## ABOUT THIS EXERCISE
Your result should be the lines holding the word "Used", copied from the entries below.

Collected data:
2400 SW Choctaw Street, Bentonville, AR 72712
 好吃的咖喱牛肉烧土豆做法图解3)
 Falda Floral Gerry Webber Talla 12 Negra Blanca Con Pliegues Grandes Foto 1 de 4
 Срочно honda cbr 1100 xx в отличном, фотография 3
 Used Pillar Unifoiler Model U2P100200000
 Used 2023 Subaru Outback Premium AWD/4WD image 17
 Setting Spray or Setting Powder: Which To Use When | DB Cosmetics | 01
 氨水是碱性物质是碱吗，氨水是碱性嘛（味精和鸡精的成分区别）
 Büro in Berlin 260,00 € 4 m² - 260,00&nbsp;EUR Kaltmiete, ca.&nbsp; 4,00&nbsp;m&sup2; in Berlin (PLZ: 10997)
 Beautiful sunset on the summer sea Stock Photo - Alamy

## RESPONSE BOX
 Used Pillar Unifoiler Model U2P100200000
 Used 2023 Subaru Outback Premium AWD/4WD image 17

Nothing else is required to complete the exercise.